(Extracted records Opens)

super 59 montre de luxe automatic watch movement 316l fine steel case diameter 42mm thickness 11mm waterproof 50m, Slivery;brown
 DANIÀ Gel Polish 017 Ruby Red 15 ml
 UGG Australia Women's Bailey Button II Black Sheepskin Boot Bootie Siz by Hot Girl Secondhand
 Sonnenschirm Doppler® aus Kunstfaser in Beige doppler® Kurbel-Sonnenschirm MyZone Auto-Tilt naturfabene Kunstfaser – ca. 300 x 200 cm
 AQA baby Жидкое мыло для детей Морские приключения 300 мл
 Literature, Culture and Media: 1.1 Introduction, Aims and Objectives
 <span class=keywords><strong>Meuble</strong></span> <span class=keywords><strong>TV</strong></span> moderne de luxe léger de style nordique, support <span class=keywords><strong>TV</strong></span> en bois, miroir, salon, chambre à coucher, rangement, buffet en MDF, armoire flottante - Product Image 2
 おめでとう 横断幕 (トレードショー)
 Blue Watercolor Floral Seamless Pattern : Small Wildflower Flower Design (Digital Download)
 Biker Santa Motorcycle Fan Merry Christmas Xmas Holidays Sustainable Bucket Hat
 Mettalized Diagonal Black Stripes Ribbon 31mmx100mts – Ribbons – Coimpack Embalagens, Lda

(Extracted records Closes)

## Problem requirements
Produce a verbatim copy of each record above.

## Output of the task
super 59 montre de luxe automatic watch movement 316l fine steel case diameter 42mm thickness 11mm waterproof 50m, Slivery;brown
 DANIÀ Gel Polish 017 Ruby Red 15 ml
 UGG Australia Women's Bailey Button II Black Sheepskin Boot Bootie Siz by Hot Girl Secondhand
 Sonnenschirm Doppler® aus Kunstfaser in Beige doppler® Kurbel-Sonnenschirm MyZone Auto-Tilt naturfabene Kunstfaser – ca. 300 x 200 cm
 AQA baby Жидкое мыло для детей Морские приключения 300 мл
 Literature, Culture and Media: 1.1 Introduction, Aims and Objectives
 <span class=keywords><strong>Meuble</strong></span> <span class=keywords><strong>TV</strong></span> moderne de luxe léger de style nordique, support <span class=keywords><strong>TV</strong></span> en bois, miroir, salon, chambre à coucher, rangement, buffet en MDF, armoire flottante - Product Image 2
 おめでとう 横断幕 (トレードショー)
 Blue Watercolor Floral Seamless Pattern : Small Wildflower Flower Design (Digital Download)
 Biker Santa Motorcycle Fan Merry Christmas Xmas Holidays Sustainable Bucket Hat
 Mettalized Diagonal Black Stripes Ribbon 31mmx100mts – Ribbons – Coimpack Embalagens, Lda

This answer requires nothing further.